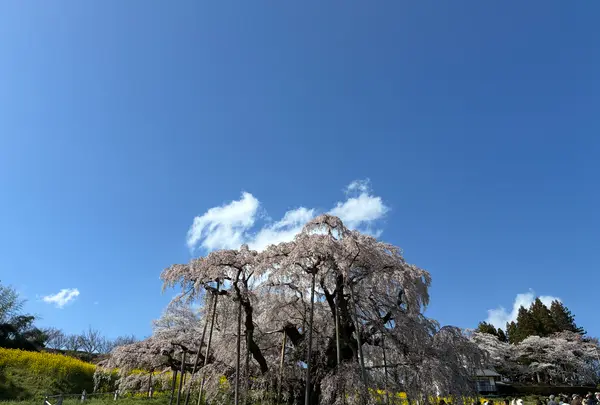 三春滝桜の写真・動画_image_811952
==============================
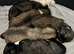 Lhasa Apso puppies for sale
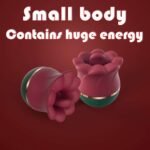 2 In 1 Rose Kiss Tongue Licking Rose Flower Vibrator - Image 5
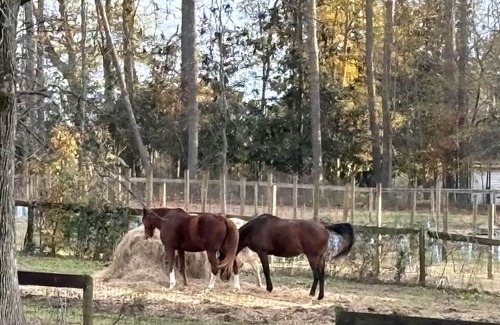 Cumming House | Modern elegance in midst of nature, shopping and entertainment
==============================
- What to produce: Using the data above, return the lines from the one holding "2 In 1 Rose" through the one holding "Cumming House |" exactly, but not the pictures.

- Written answer:
 2 In 1 Rose Kiss Tongue Licking Rose Flower Vibrator - Image 5
 Cumming House | Modern elegance in midst of nature, shopping and entertainment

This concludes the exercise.